DATA SHOWN:
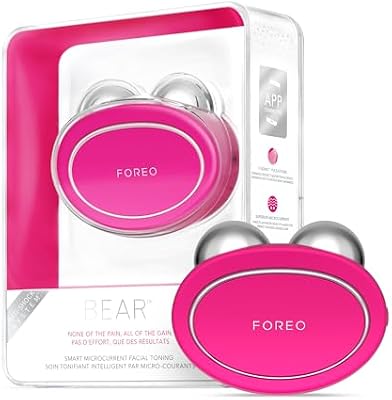 FOREO BEAR Masajeador facial eléctrico de microcorrientes - Define el contorno de la mandíbula - Lifting facial no invasivo - Anti arrugas - Seguro e indoloro - Fuchsia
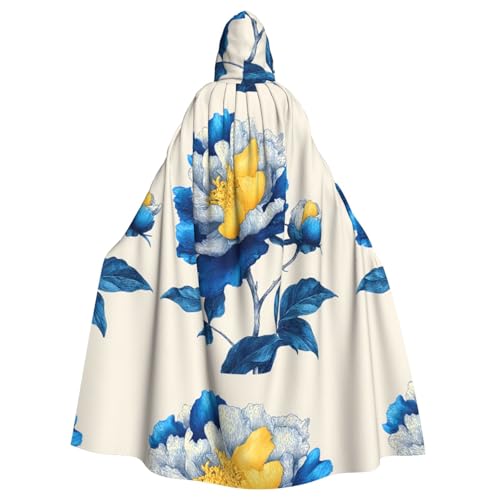 ZAQXSWCDEV Schöner Blumen-Kapuzenumhang – Allover-Druck-Design, Polyester-Material, bequem und langlebig, perfekt für Halloween, Cosplay und mehr von ZAQXSWCDEV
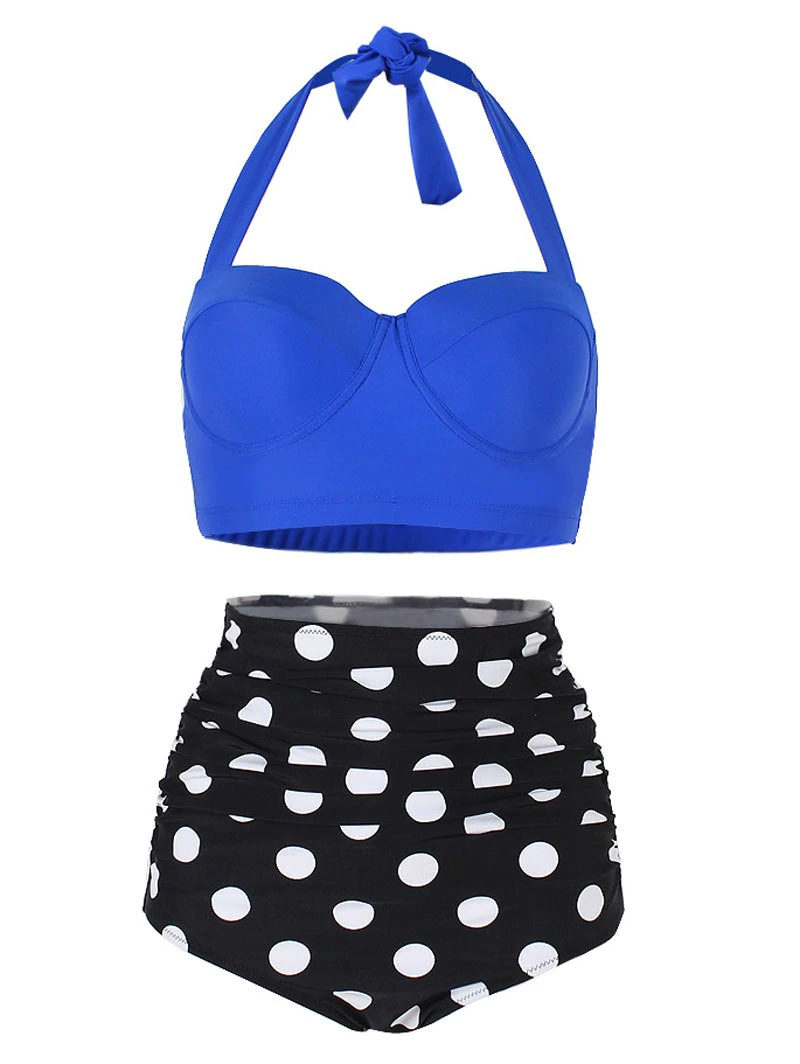 Polka Dot Ruched Halter Bikini Set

ACTIVITY:
The finished answer is an exact repetition of the listing, with every picture removed.

TASK SOLUTION:
 FOREO BEAR Masajeador facial eléctrico de microcorrientes - Define el contorno de la mandíbula - Lifting facial no invasivo - Anti arrugas - Seguro e indoloro - Fuchsia
 ZAQXSWCDEV Schöner Blumen-Kapuzenumhang – Allover-Druck-Design, Polyester-Material, bequem und langlebig, perfekt für Halloween, Cosplay und mehr von ZAQXSWCDEV
 Polka Dot Ruched Halter Bikini Set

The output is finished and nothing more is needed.